We may also have other includes: javascript, and header (doctype + html tag + untranslatable meta, link, and optional style elements, some of which need to be customized for RTL languages).

The 3 home pages (index.html, mac.html and windows.html) could be templated further (kitchen-style).

Structure of the repo

1st possibility: one development branch for each language

This is what Zak proposes. To make a clear distinction between branches and subdirectories, branches are in parentheses.

  • enc/en(next): stripped originals being worked on
  • enc/en(master): current stripped originals
  • enc(master): current POT and common tools (includes, scripts and makefiles)
  • enc/LANG(master): up-to-date POs
  • enc/LANG(dev): POs being worked on and language-specific scripts (e.g. to customize the language list or the header)
  • enc/en(untracked): complete originals
  • enc/LANG(untracked): complete translations
  • live/en(master): published originals
  • live/LANG(master): published translations

I see a problem with the following statement: “Translators should never push anything here unless directed by the FSF.” For the FSF to determine whether a translation should be pushed, the development branches (dev) have to be checked out one by one (unless there are as many copies of the repo on the FSF's machine as there are languages).

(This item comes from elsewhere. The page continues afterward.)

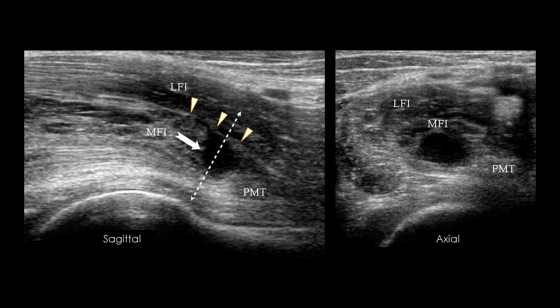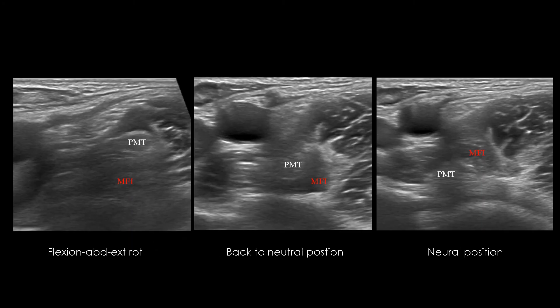Iliopsoas muscular tendinous injuries are usually seen in athletes due to trauma, particularly hip flexion injuries. These injuries involve the muscular tendinous junction of the medial fibers of the iliacus with the intramuscular fascia, indicated by orange arrowheads, which becomes the accessory tendon below. In this example, both sagittal and axial ultrasound views show a focal distal disinsertion of the myotendinous junction of MFI characterized by hematic collection, indicated by white arrow. With flexion abduction external rotation of the hip, the psoas main tendon rolls laterally and inferiorly over the medial fibers of the iliacus, trapping it between the tendon and the superior pubic ramus.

This may become tedious.

2nd possibility: one module for each language

It is very easy to create modules from the current repo without loosing any history (tested).

Advantages:

  • Each module only has the history of its own files. It is thus much lighter than the complete repo (2.5 to 13 MB, depending on the language).
  • No need to switch branches, something that may be problematic for people who are new to Git. Translators push to their module's master branch whenever they wish to save their work, instead of either pushing to their own branch or merging with master.
  • No need to switch branches to see the current state of translations.

Disadvantages:

  • Setting up the working directory is a little more complicated than in the current setup: translators have to check out the main repo (enc), then 3 modules (LANG, en, and static); the FSF has to check out all the modules, but this can be done automatically.
  • Modules need to be updated individually, but this too can be done by a script.

From now on, we assume that each language has its own module. Each directory contains the same files as above, only there is no distinction between the up-to-date POs and the POs being worked on.

Creating the POT and the POs

This is done with po4a-gettextize. When there is no translation, it makes a POT file. A big POT already exists for version 4.0.

When a translation exists, and has exactly the same structure as the original (same number of strings, same HTML tags), po4a-gettextize makes a PO. If the structures are slightly different, there are ways to make them fit artificially. The alternate method is to fill up the POT manually.

A tip: make the PO from the version of the original document it corresponds to.

Updating translations or translating from scratch

  • When a new version is ready, The FSF updates the POT and propagates the modifications to the POs in enc/LANG (po4a-updatepo).
  • The language teams work on the new or modified strings. During the translation process, the PO can easily be converted to generic HTML for proofreading.
  • When a team decides that their translation is ready, they push the POs to the master branch of their module. A pre-receive hook makes sure the POs are valid (msgcat), and will produce well formed XHTML (xmllint). A similar script already exists.

Note: Translators should be allowed to fix trivial errors in the English version (without ever touching the text itself, of course).

Generating and publishing translated pages

The FSF generates pages from POs in the enc/LANG directory, and checks them. These files should be ignored by Git because they can be regenerated any time.

Note: Regeneration should only take place after a team pushes their updated POs, and before the original is further modified. Otherwise, perfectly good translated strings will be replaced with English strings.

If the pages look good, they are moved or copied to the live/master working directory, committed, and pushed. Merging the two repos wouldn't do the trick because the translated pages are untracked.